Tuesday, April 24, 2018

Death panel

A working definition from Wikipedia:

"Death panel" is a political term that originated during the 2009 debate about federal health care legislation to cover the uninsured in the United States. Sarah Palin, former Republican Governor of Alaska, coined the term when she charged that proposed legislation would create a "death panel" of bureaucrats who would decide whether Americans—such as her elderly parents or children with Down syndrome—were "worthy of medical care". Palin's claim has been referred to as the "death panel myth", as nothing in any proposed legislation would have led to individuals being judged to see if they were worthy of health care.

Do death panels exist? Maybe or maybe not in the United States.

However, death panels evidently exist in another democratic and "free" nation: the United Kingdom. At least if the cases of Charlie Gard and Alfie Evans are allowed to bear witness.

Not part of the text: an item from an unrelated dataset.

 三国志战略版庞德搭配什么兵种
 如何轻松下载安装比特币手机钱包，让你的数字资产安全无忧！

It wasn't up to Charlie's parents and currently it's not up to Alfie's parents to have the final say in what's best for their child. Their parents didn't get to decide if their children are "worthy of health care". Rather, it's up to their (presumably NHS employed or closely affiliated) physicians and the government of the United Kingdom to have the final decision as to whether these children are "worthy of health care".

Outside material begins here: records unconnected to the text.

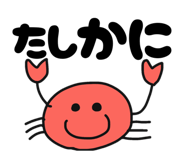 839713004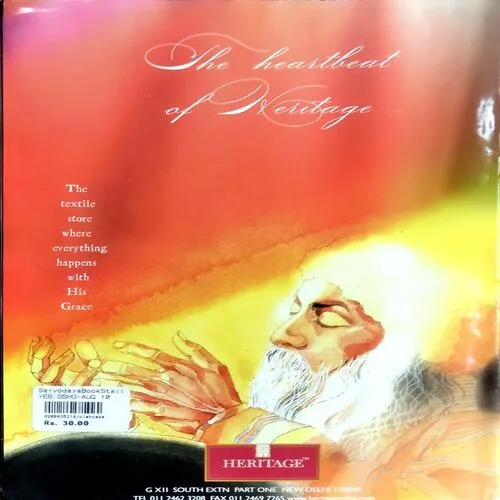 Osho World (Aug 2010)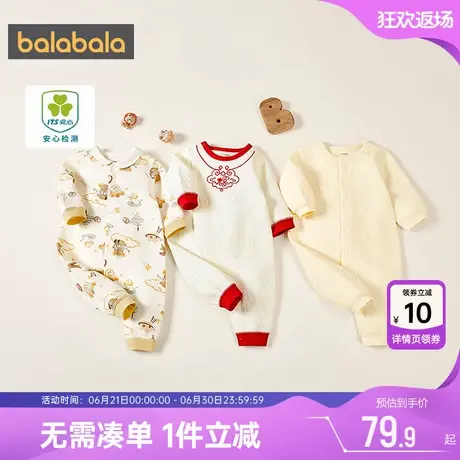 巴拉巴拉宝宝衣服新生儿夹棉连体衣纯棉睡衣秋冬款婴儿保暖哈衣厚商品大图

See the Supreme Court of the United Kingdom's decision about Alfie Evans. The court document ends with these unintentionally chilling words:

There will be no further stay of the Court of Appeal's order. The hospital must be free to do what has been determined to be in Alfie's best interests. That is the law in this country.

To emphasize, it's not Alfie's parents who "must be free" to do what's in Alfie's best interests. No, it's the "hospital" that "must be free" to do what's in Alfie's best interests, in turn fully backed by "the law in this country".

If the government is the ultimate source and provider of health care for the people, then why couldn't the government likewise be the ultimate arbiter of who is and who isn't "worthy of health care"? What's stopping the government?

The government giveth, the government taketh away. Blessed be the autonomy of the government! For thine is the kingdom, and the power, and the glory, forever. Amen.

1 comment:

  1. BTW, Italy has apparently granted Alfie Italian citizenship and offered him asylum. However, Alfie's British physicians have apparently refused to allow Alfie to be moved because it's too dangerous to transfer him.

    Too dangerous for whom? For Alfie's parents or medical staff? Surely not. No more than anyone else flying from London to Rome.

    Too dangerous for Alfie? At the risk of stating the obvious, if the only other option is Alfie's death, then why not let Alfie be transferred even if it's at great danger to his life? The former is guaranteed death, the latter arguably gives him a chance (however bleak) at life.